To address these concerns, the administration revised the grading framework to clarify aspects of the policy’s wording. “One of the primary reasons [for the revisions] was to make the distinction between routine daily assignments (classwork, homework, nightly reading, etc.) and summative assessments (tests, projects, papers, etc.) clear to anyone reading the policy. The initial language allowed for too much confusion, and people had questions about what we meant when we used less specific terms like assignments and assessments,” Assistant Principal of Mathematics Eric Smith said in an e-mail interview.
Though the grading framework allows students to submit work that would otherwise not be accepted after its due date, students are still expected to turn in assignments in a timely manner. “The aspect of the policy that I know has proven most controversial for some teachers is the late work policy. I want to make clear that this doesn't mean that there's no deadlines. There are, and students are still expected to meet them,” Assistant Principal of English Eric Grossman said in an e-mail interview. “But there's a huge difference between ‘deadlines’ and ‘penalties.’ Teachers meet deadlines every day without fear of immediate punishment.
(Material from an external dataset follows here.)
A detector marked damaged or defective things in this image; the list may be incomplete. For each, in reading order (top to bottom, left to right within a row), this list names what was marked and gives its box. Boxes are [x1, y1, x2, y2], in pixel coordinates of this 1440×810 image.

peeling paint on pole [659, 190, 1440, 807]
And when we miss a deadline, as we occasionally do, we almost always get an additional opportunity to submit missing work […] it feels reasonable to me to extend just a little bit of that flexibility and understanding to our students, especially now.”
With the overall grading framework, Henderson supports its distinction between the quality and timeliness of assessments. “I really like the idea of separating out a grade for the quality of a piece of writing from the timeliness of a piece of writing. Both matter, but I think the quality matters more,” Henderson said. “We don't remember Voltaire or Shakespeare because they were really good at turning things in on time—the quality makes their writing stick. That said, Shakespeare never would have lasted if he couldn't finish his scripts in time for performances. Timeliness does matter.”
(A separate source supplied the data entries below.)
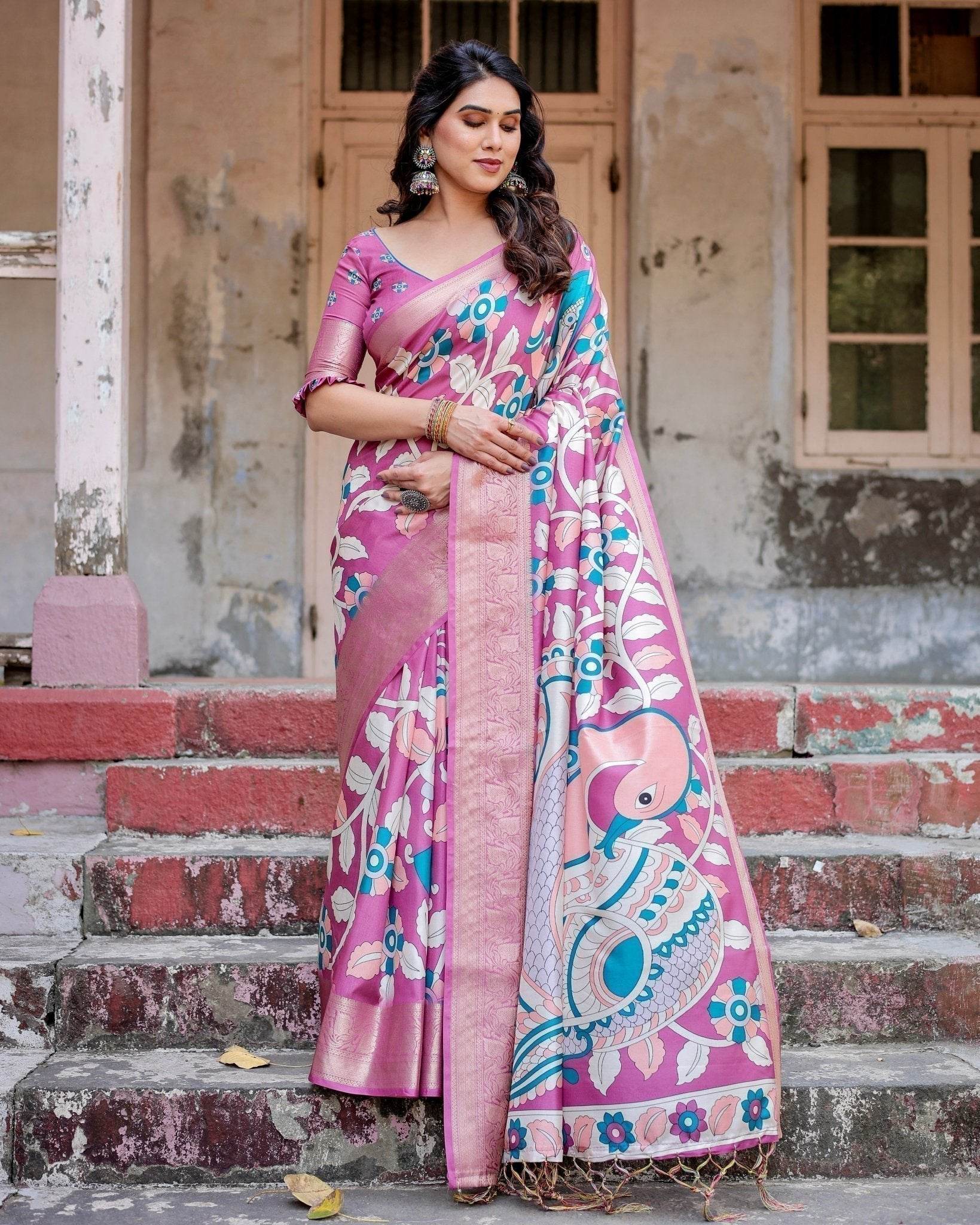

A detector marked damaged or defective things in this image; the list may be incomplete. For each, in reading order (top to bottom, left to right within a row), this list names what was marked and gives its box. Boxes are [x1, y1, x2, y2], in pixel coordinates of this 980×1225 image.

peeling paint wall [632, 0, 980, 681]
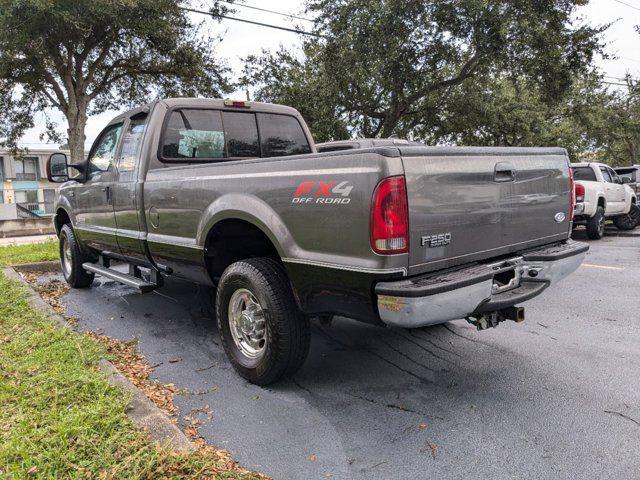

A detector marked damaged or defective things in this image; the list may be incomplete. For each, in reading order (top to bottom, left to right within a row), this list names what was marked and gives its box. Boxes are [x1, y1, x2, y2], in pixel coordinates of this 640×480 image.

pavement crack [604, 408, 636, 428]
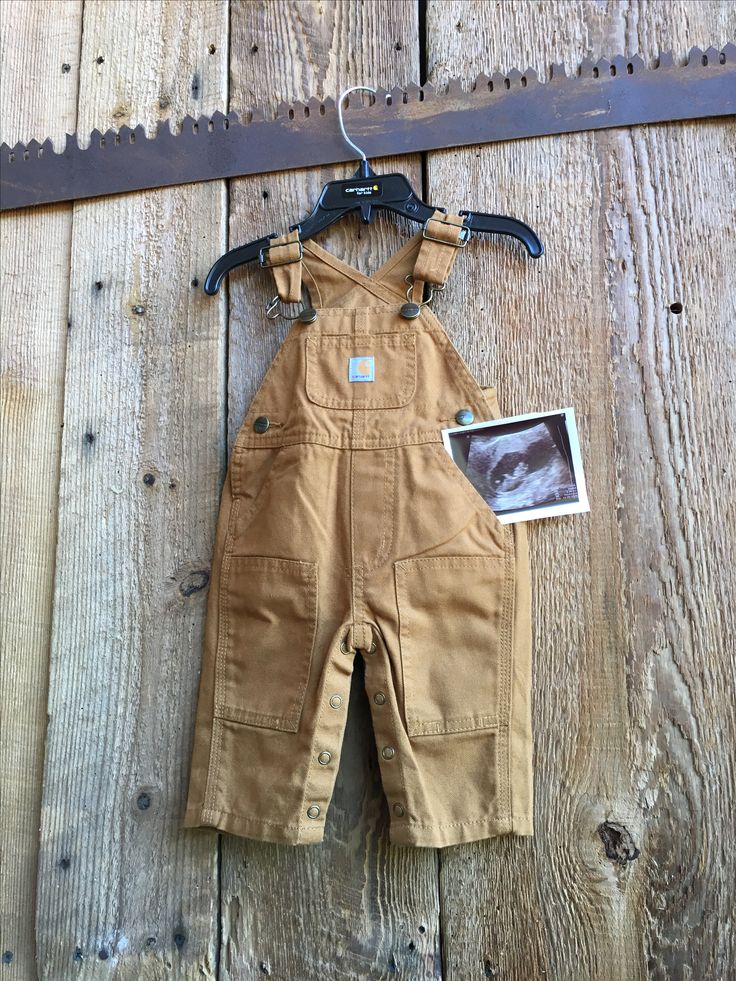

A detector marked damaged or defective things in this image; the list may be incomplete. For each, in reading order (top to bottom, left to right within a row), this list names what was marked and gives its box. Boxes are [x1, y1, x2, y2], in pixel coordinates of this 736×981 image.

rusty saw blade [0, 43, 732, 211]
Others believe the breakdown will be a more holistic way to evaluate student work and effort. “I think this change is healthy for the students, since the positive work they put into class discussions and homework will weigh more into their grades than before. I'm not too concerned about my students not taking my exams as serious because well, they will still take my exams seriously,” math teacher David Peng said in an e-mail interview.
The administration hopes that with the release of this new framework, students will have a more transparent guideline for how they will be evaluated this year. “We want to make sure that students are still maintaining high expectations, meaning that when summative assessments are due or need to be completed, students complete it on time. They take [assessments] when it's going to be assigned and make sure that they're constantly communicating with their teachers if there are extenuating circumstances or issues that arise that would prevent them from committing on time and/or taking that exam/assessment on that specific day,” Yu said.